Making Protest, shown as part of Time Let Me Play:
Time Let Me Play | Gathered Again | Green & Golden

During summer 2014, the Foundation staff at Swansea College of Art set themselves 50cm Rule as a holiday project and a way to introduce themselves to the new students. I made a ‘soapbox’ to these dimensions, designed so that it could be cut from a ‘quarter board’ of 12mm plywood, with as little wastage as possible. I had been to visit some Walter Segal houses and was inspired by the idea of the use of products readily available from builders’ merchants and DIY stores, and the learning and an essential democracy implicit in systems of this sort.

I wrote a brief manifesto and delivered it from my soapbox on the first day of term. Other members of the Foundation staff team were asked to write and present manifestos for our Monday morning meetings throughout the first term. Students then did the same as part of their first project within the fine art area. The soapbox was a drawing, a design and an experiment – and a prop for a participatory, performed project.
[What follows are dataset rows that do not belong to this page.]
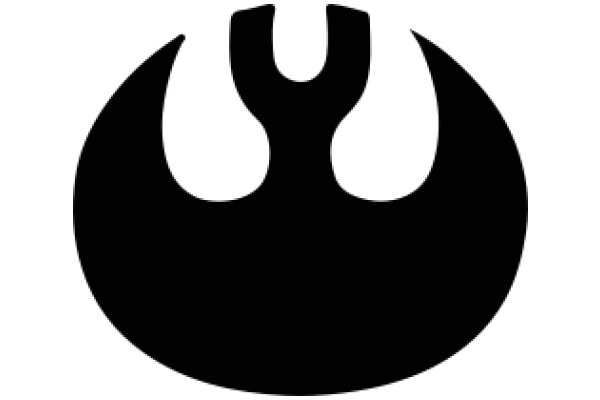 The Dark Silhouette of a Star Wars Character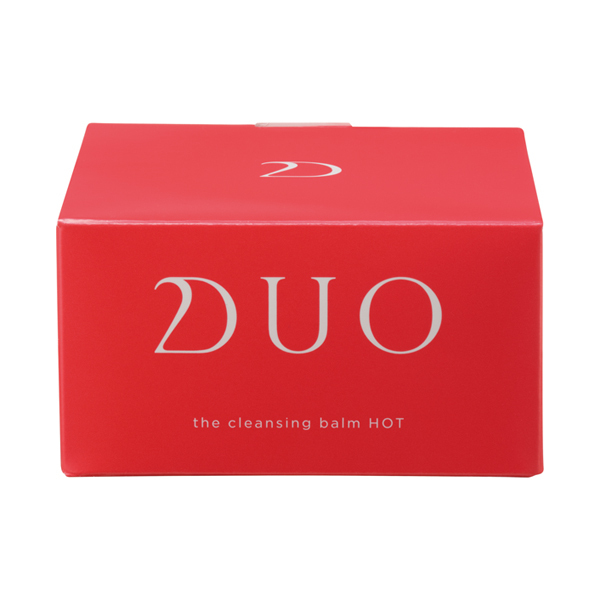 DUO デュオ ザクレンジングバーム ホット20g - 基礎化粧品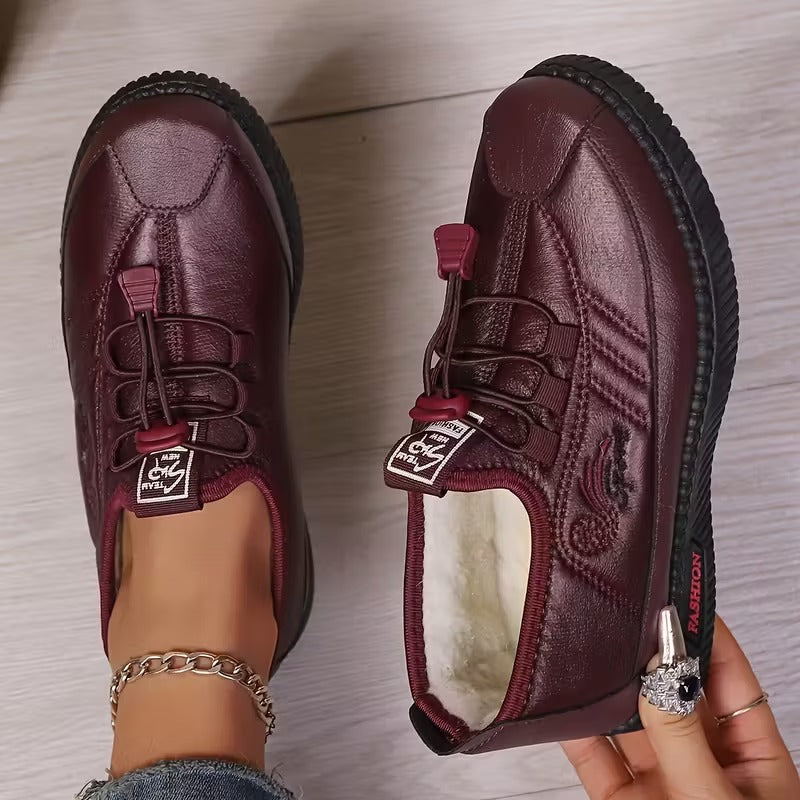 Sabina® - Zapatos Ortopedicos de Piel⏐Edición Premium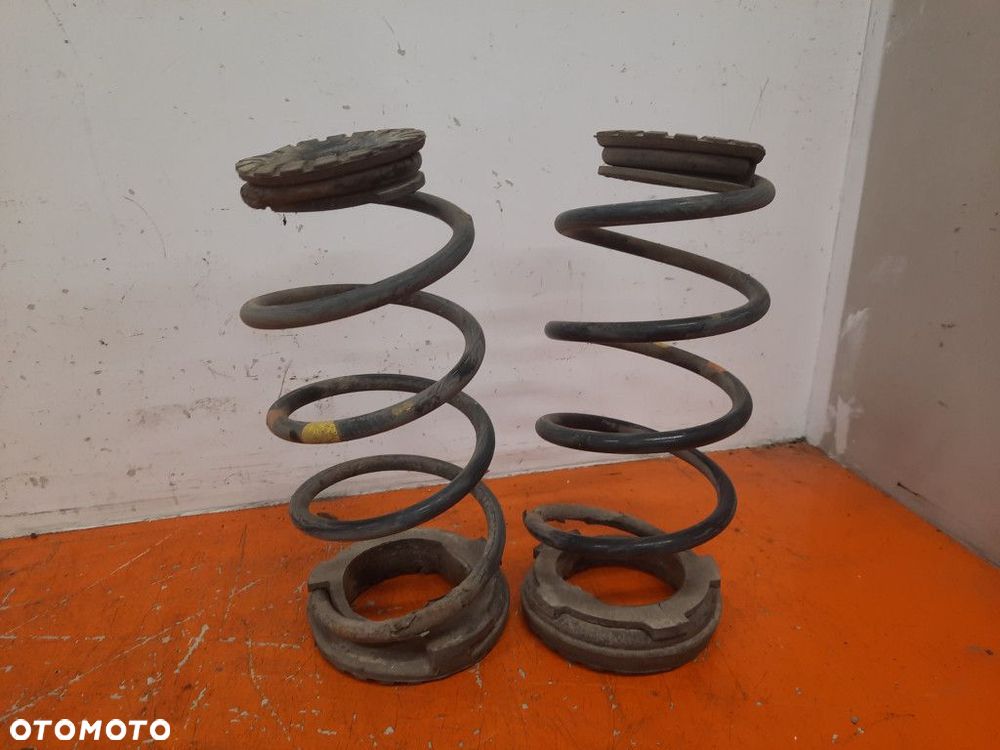 FIAT GRANDE PUNTO III 05-10 SPRĘŻYNY TYŁ KOMPLET - 2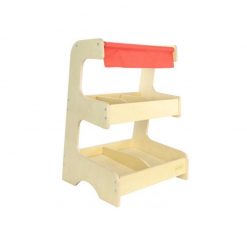 Stoisko targowe do zabawy w sklep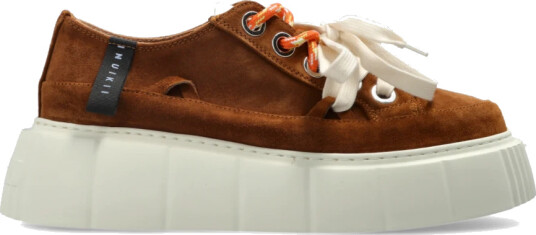 Inuikii Matilda Suede Brown 39 Inuikii Matilda Suede Brown 39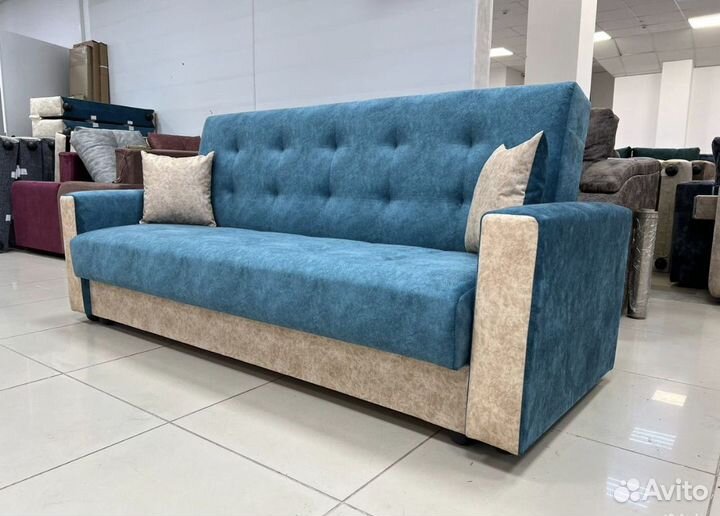 Диван от производителя на пружинном блоке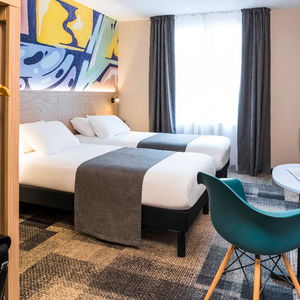 Sejur Ibis Styles Clamart Gare Grand Paris vacanta Paris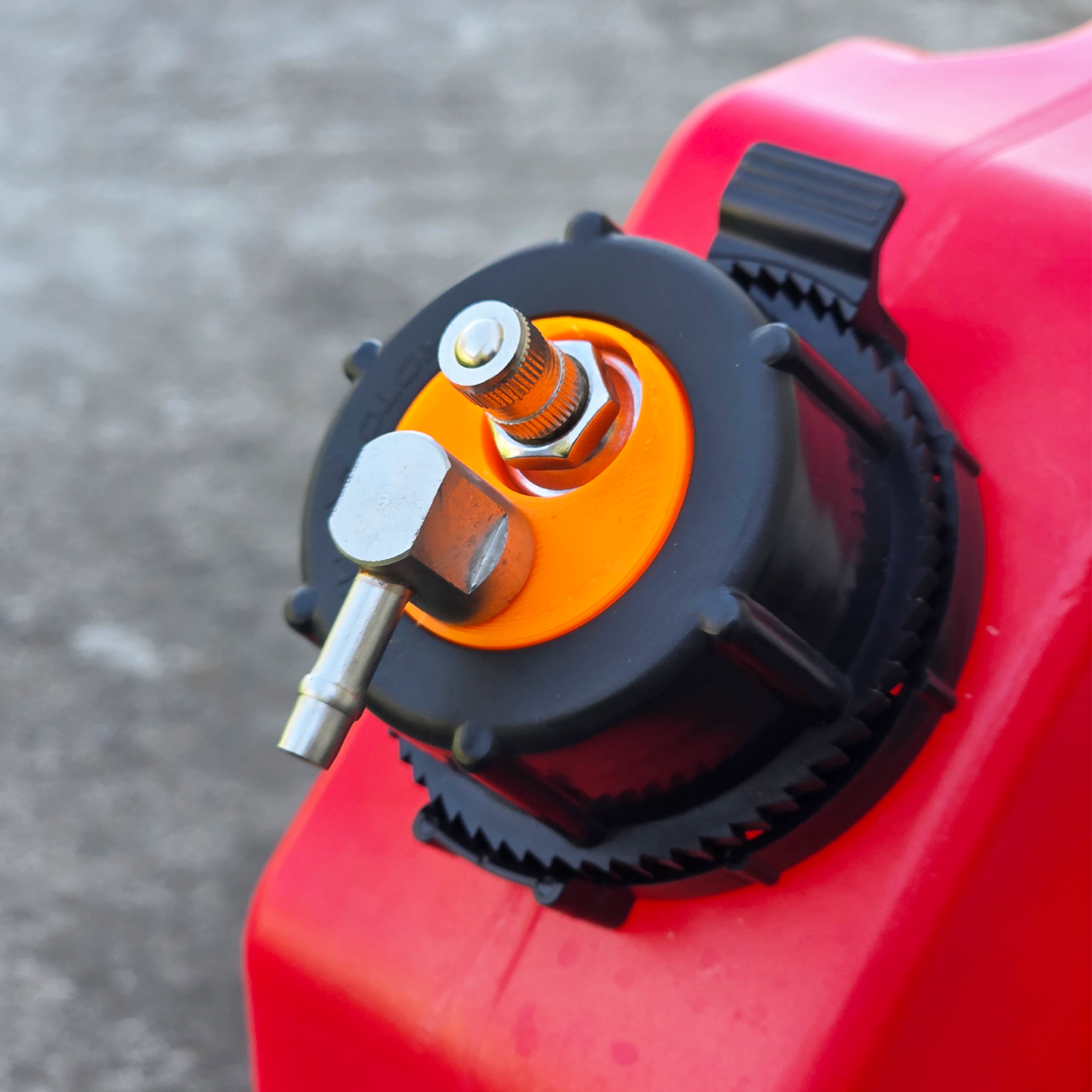 Rotopax Diesel Heater Adapter Kit (Enhanced Version)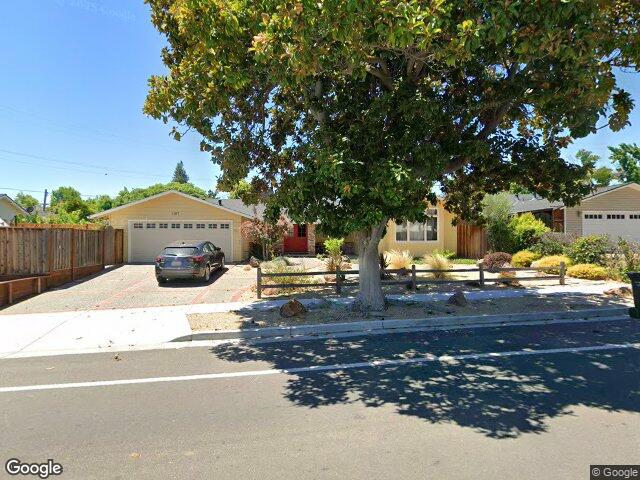 1197 Lime Dr, Sunnyvale, CA 94087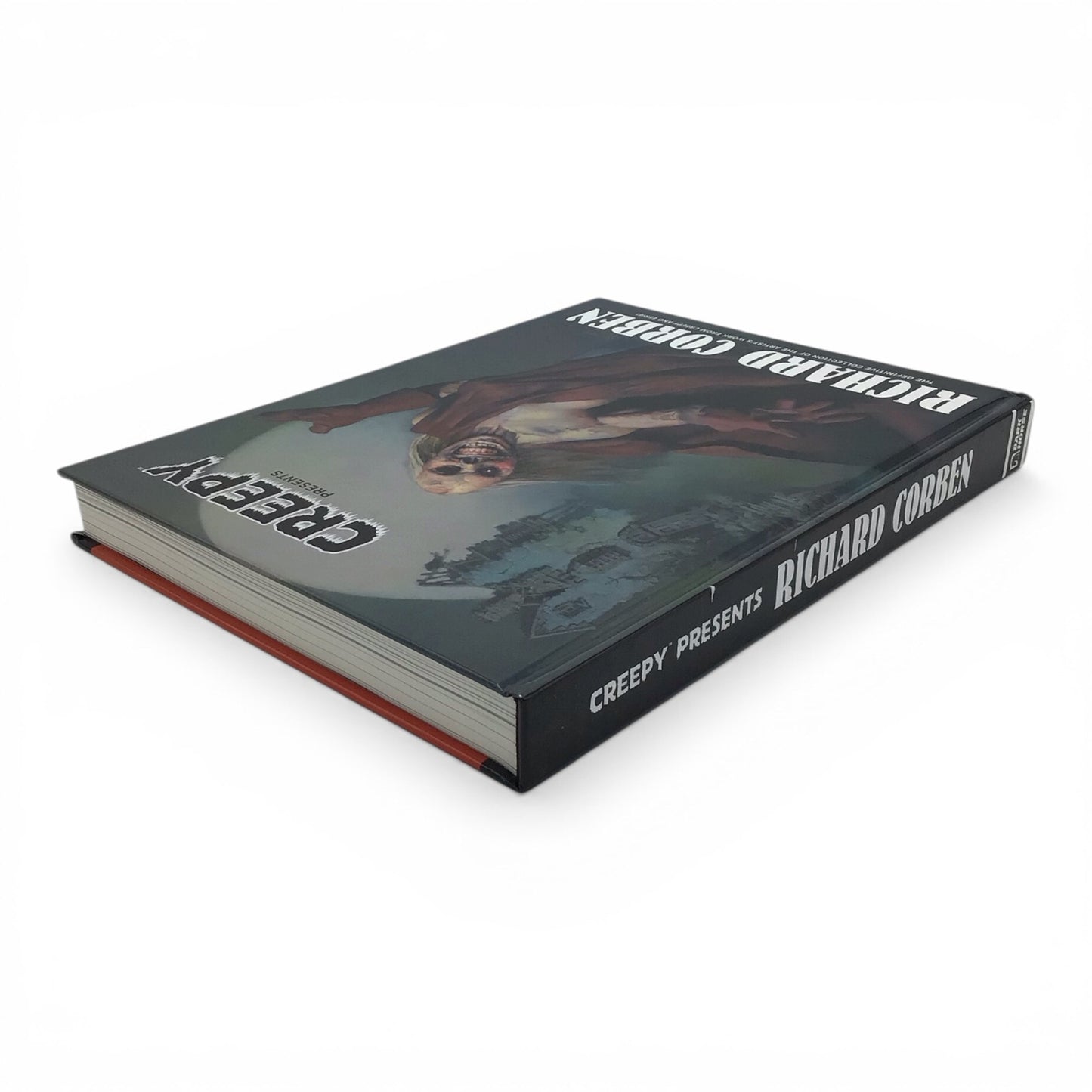 Creepy Presents: Richard Corben Hardcover - Dark Horse Books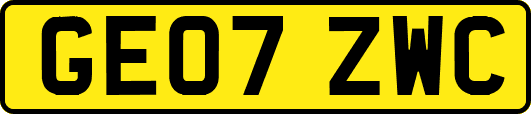 GE07ZWC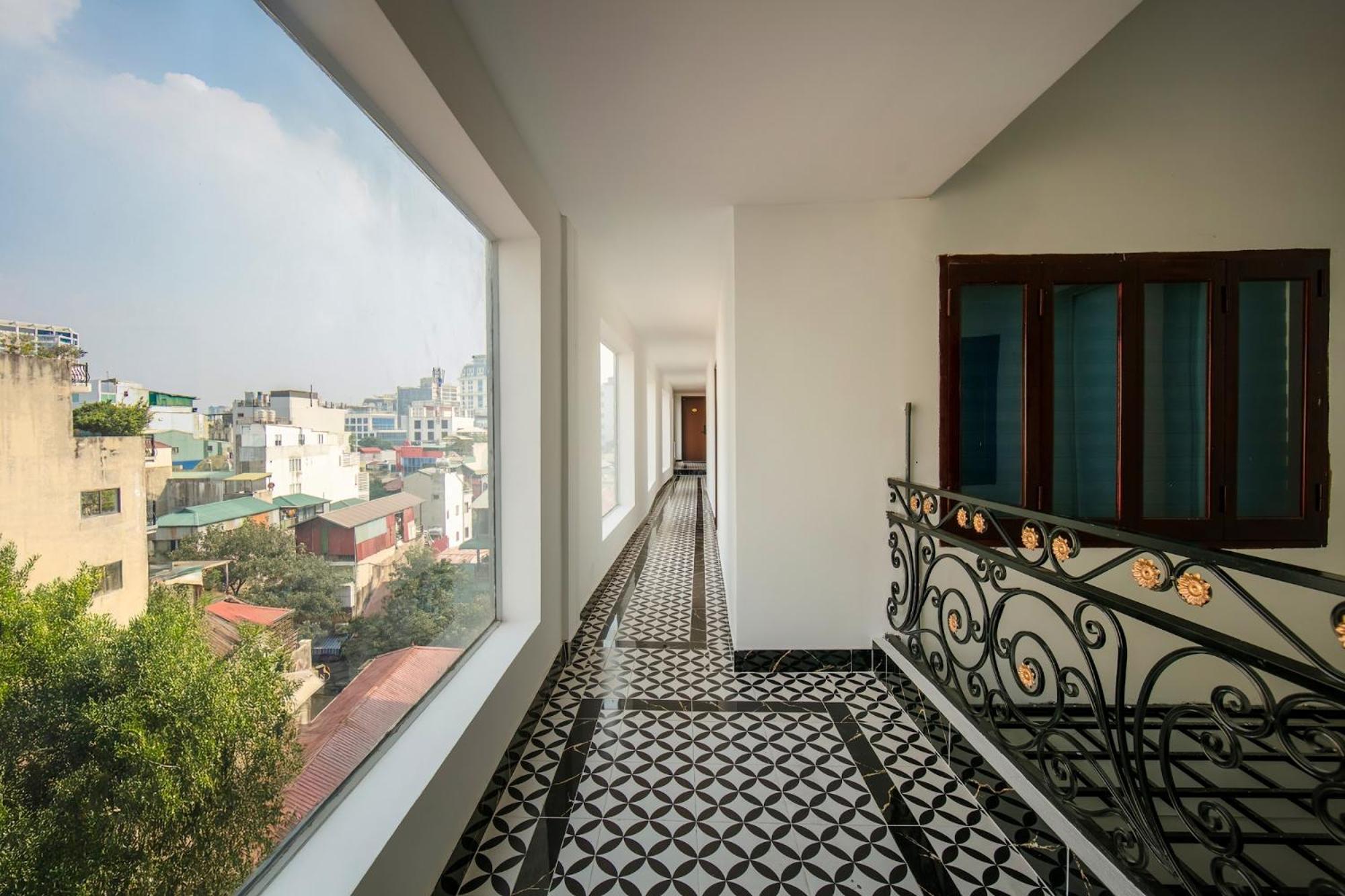 Dream Premium Hotel & Spa Hà Nội Ngoại thất bức ảnh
Now the shared theme of the staff and alumni exhibitions, 50cm Rule has encouraged me to explore modular making using 3 basic units, The work borrows from the simplicity of building block sets such as Froebel Gifts and takes inspiration from the process of open-ended play and construction proposed by them. What we make is always political, in one way or another, and I have chosen to construct some of the objects of protest or free speech. Art and design is a place where we can protest, ask questions, respond to and shape the places around us.

The pieces could be made into something else – and may take other forms in the future, the history of making and re-making visible in redundant holes for fixings.

The pieces might be further designed to have permanent fixing holes to limit or enable alternative constructions. The use of screws, doormats and rope, etc. is a reminder to improvise and that making is done in the studio and at home as part of living – where the tool cupboard or sewing basket enable us through basic skills.

The Foundation Art and Design course values process and experimentation, in addition to product as an introduction to art school education. Students are offered an alternative to grades as a measurement of their progress – what they make and how it is made are the focus of learning and teaching. We work with the basic principles of making, a wide definition that includes writing. Most importantly we broaden the definition of drawing, so that our students can understand it as a verb, a process and a way of thinking – their language.